▶ _Aim of the task_
Copy, please, the line with "Straight Jacket with" and each line that follows it through the end of the data below, exactly as given and without pictures.

▶ _Input records_
◆ ◆ ◆ ◆

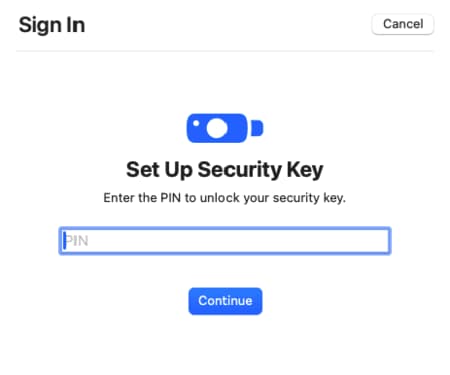 Safari security key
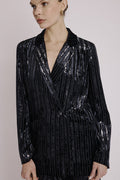 Straight Jacket with Front Pocket - Stripe Burnout Black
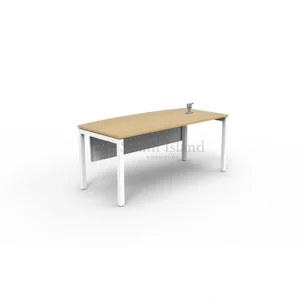 Executive D-Shape Table C/W U Metal Workstation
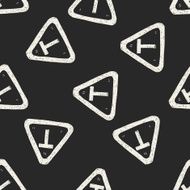 T junction road doodle seamless pattern background N2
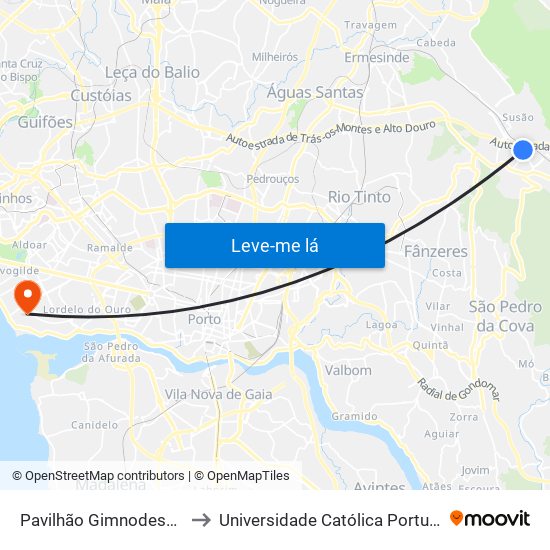 Pavilhão Gimnodesportivo | Ramalho Ortigão to Universidade Católica Portuguesa - Centro Regional do Porto map
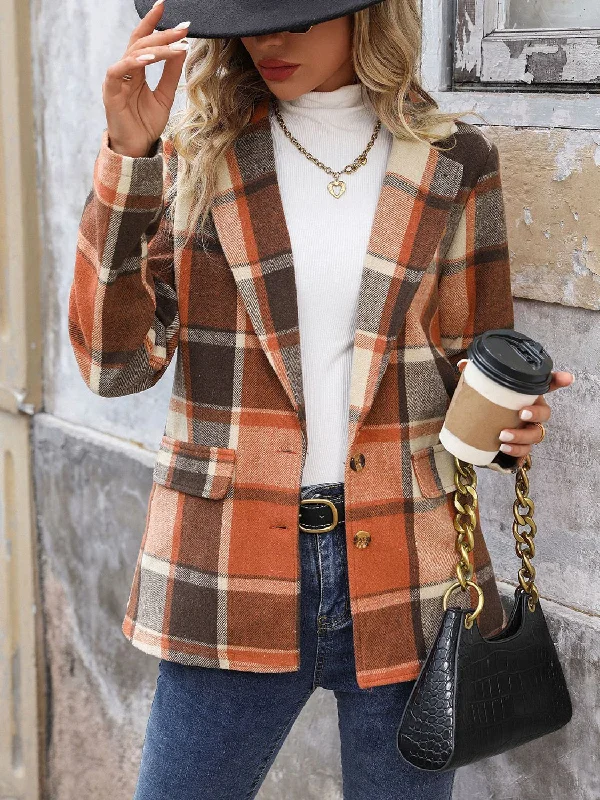 Great Bargains Perfee Plaid Button Down Lapel Collar Blazer
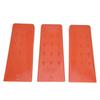 Three 8-inch logging wedges, made of pointed plastic, are safe logging tools suitable for chainsaws and tree cutting.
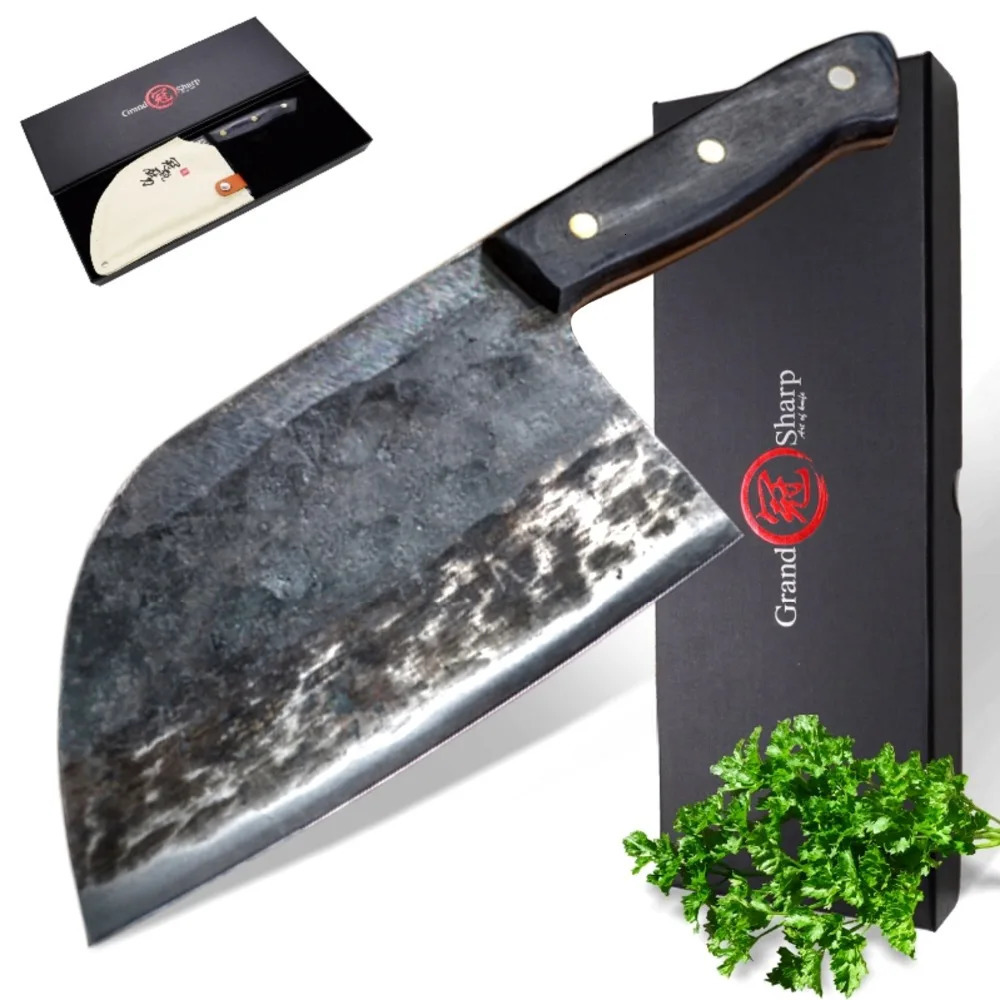 Handmade Forged Chinese Cleaver Chef Knife Clad Steel Vegetables Meat Slicing Knife Professional Kitchen Cooking Tools 250703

◆ ◆ ◆ ◆

▶ _Task solution_
 Straight Jacket with Front Pocket - Stripe Burnout Black
 Executive D-Shape Table C/W U Metal Workstation
 T junction road doodle seamless pattern background N2
 Pavilhão Gimnodesportivo | Ramalho Ortigão to Universidade Católica Portuguesa - Centro Regional do Porto map
 Great Bargains Perfee Plaid Button Down Lapel Collar Blazer
 Three 8-inch logging wedges, made of pointed plastic, are safe logging tools suitable for chainsaws and tree cutting.
 Handmade Forged Chinese Cleaver Chef Knife Clad Steel Vegetables Meat Slicing Knife Professional Kitchen Cooking Tools 250703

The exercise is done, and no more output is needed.